From the records that follow, return exactly the lines beginning at the one that contains "Poartă Câini Pliabilă" and ending at the one that contains "Justice Designs CER-6533-MYLW-MBLK-BKCD", pictures left out.

--- RECORDS FOR THIS EXERCISE ---
'''

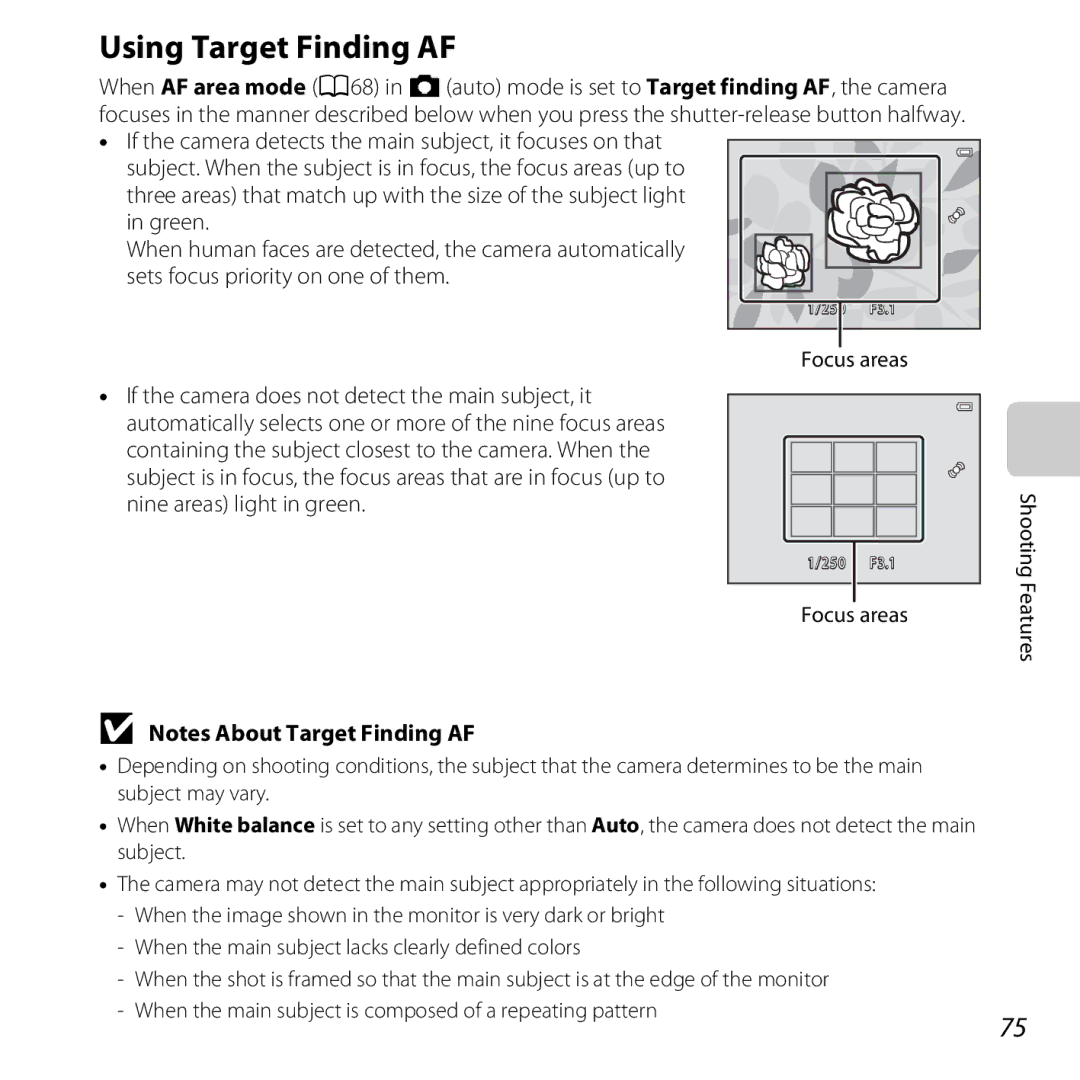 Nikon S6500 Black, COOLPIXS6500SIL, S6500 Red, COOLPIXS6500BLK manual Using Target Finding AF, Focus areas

'''
'''

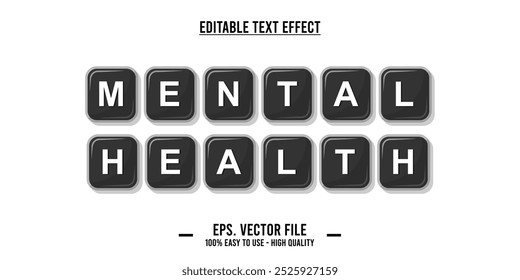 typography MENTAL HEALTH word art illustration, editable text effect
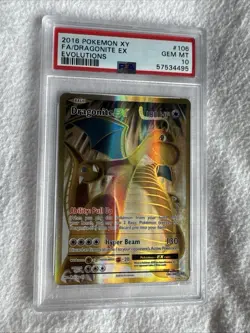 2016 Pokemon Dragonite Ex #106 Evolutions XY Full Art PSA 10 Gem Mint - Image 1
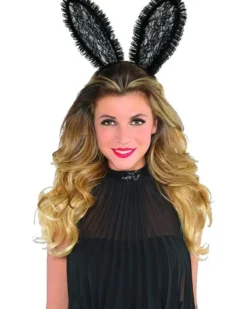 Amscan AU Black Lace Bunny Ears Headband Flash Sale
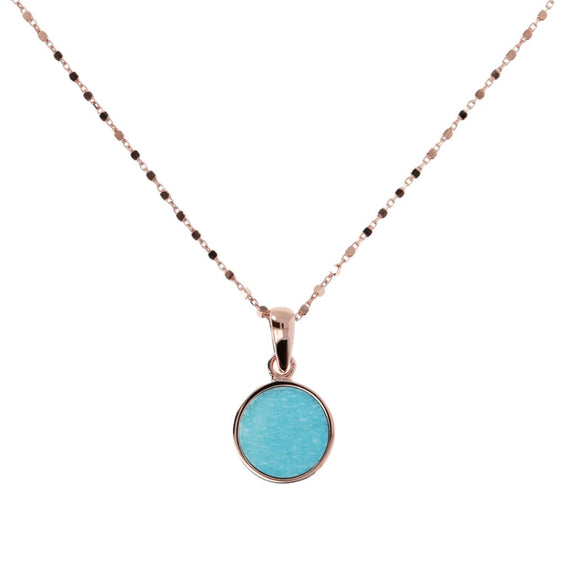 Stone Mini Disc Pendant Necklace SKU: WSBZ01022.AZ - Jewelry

'''
'''

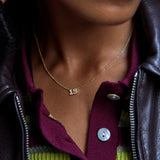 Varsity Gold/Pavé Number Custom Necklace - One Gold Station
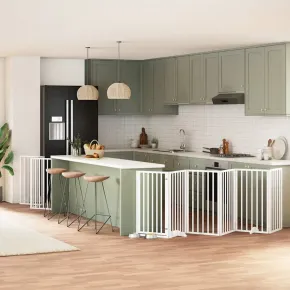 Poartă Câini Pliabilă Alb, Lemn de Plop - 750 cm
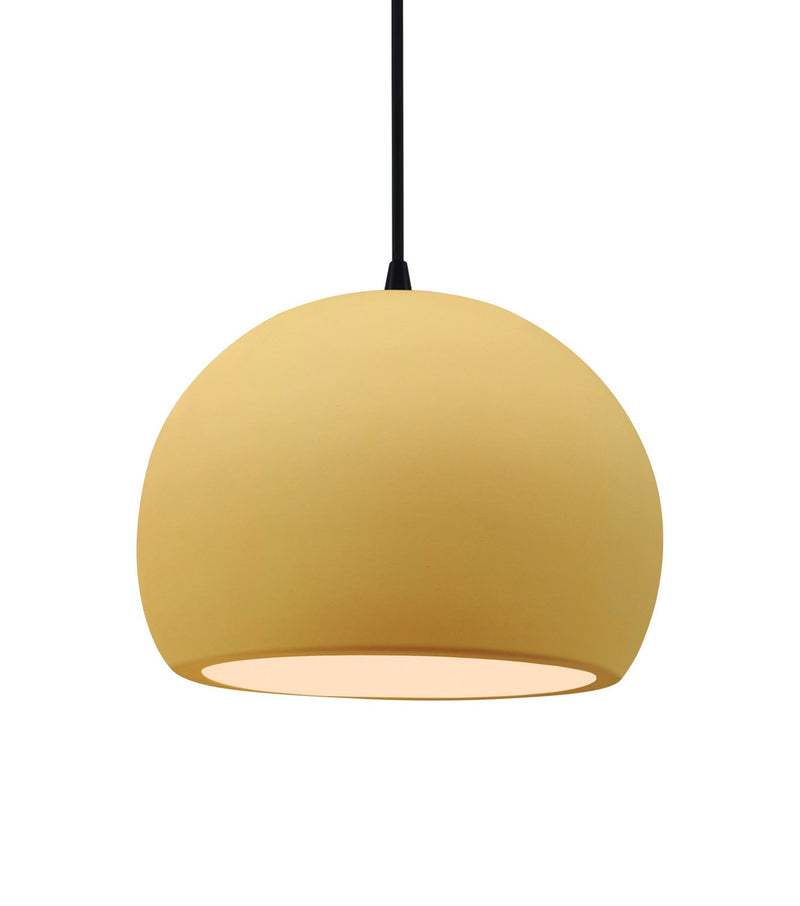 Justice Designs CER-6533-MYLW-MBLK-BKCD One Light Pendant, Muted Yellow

'''

--- WORKED SOLUTION ---
 Poartă Câini Pliabilă Alb, Lemn de Plop - 750 cm
 Justice Designs CER-6533-MYLW-MBLK-BKCD One Light Pendant, Muted Yellow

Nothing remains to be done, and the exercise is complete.